Langfristiges Projekt: Der Automechaniker, dessen Frau gestorben ist, weiß aber genau wo diese (eine interessierte Hochspannungstechnikerin) ihre Bücher aufgehoben hat. Und das Kraftwerk ist nur eine Stunde mit dem Auto entfernt. Sprit und ne Karte der Stadt dank der Tankstelle haben sie. Wenn sie den Strom wieder zum fließen bringen, können sie der ganzen Gemeinschaft einen Rückhalt bringen (und damit die interne Gewalt reduzieren)...
4) Stell klar wie gefährlich das Leben ohne eine gesicherte medizinische Versorgung ist. Lass die Gruppe auf nen verletzten Raider treffen, der sie am Anfang noch ausrauben will oder als Geisel nehmen oder sich von ihnen durchfüttern lassen will... aber schon bald zu nichts mehr in der Lage ist, weil die Infektion der Wunde ihn in ein fiebriges Delirium versetzt und alsbald zur Strecke bringt. Der Messerstich im Bein hat gereicht... und könnte auch bei den Charakteren reichen. Falls gewünscht, mache Regeln für Krankheiten, Verbluten, Wundinfektionen, usw., wenn sich die Spieler durch nen crunchigen Rückhalt eher daran gebunden fühlen.
5) Stelle mindestens ein anderes Beispiel für eine konstruktive Gemeinschaft vor, der sich die Charaktere aber nicht anschließen können/wollen, die aber ansonsten als Beispiel dient. Beispielsweise die fundamentalen Christen, die zwar dabei sind eine Kleinstadt (um einen ehemaligen Fernsehprediger herum) wieder aufzubauen, aber die Charaktere nicht dabei haben wollen, aufgrund von falscher Herkunft, fehlender Bibelfestigkeit oder unliebsamer Begleitung der Charaktere (negativ verlaufenes Run-in mit der NSC-Tankstellendame). Alternativ dazu wollen die Charaktere nicht zu der Gruppe gehören, obwohl Teilaspekte des Lebens einfacher wären. Vielleicht schrecken sie die benutzten Galgen auf der Zufahrtsstraße ab, das die unamerikanische Hälfte der Einwohner als Sklaven gehalten wird, oder der Fernsehprediger direkt mit Gehirnwäsche anfängt, ehe sie sich die Hände gegeben haben.
Trotzdem können die Charaktere durch das Zusammentreffen bereichern:
- Neue Projekte für alle.
- Positivbeispiele für ein angenehmes Leben in einer stabilen Gesellschaft (generell bessere Lebensumstände).
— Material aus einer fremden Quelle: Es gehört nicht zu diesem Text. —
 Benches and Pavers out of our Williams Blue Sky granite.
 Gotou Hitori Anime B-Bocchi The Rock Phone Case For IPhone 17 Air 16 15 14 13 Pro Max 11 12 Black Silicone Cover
- Ein mögliches Feindbild.
- Gestohlene Gegenstände.
- Zugelaufene Aussätzige (der Arzt der nach einer durchgeführten Abtreibungsprozedur aus der Gemeinschaft geflohen ist. Hilfreich für die Charaktere!)
- usw.
Noch eine kleine Anmerkung:
Ich hatte sowas ähnliches auch schon einmal probiert und versucht positives Verhalten durch positivbeispiele von NSCs zu provozieren. Der heroische Ex-Soldat, der sich entweder für die Gemeinschaft opfert oder Frauen und Kinder beschützt, usw...
Das war extrem kontraproduktiv. In so einem Setting brauchen die Spieler tatsächlich die Möglichkeit selbst zu den strahlenden Helden zu werden, falls sie das wünschen sollten, ohne ablenkende NSCs, die sich schon so verhalten. Nachdem der Ex-Soldat im Schlaf von einer Frau niedergestochen wurde, die er zuvor vergewaltigt hat, wurde das Bild dann nachträglich ins non-heroische Licht gerückt (und hat gleichzeitig die Frage nach einer funktionierenden Rechtsordnung aufgeworfen - Was machen mit der Mörderin?).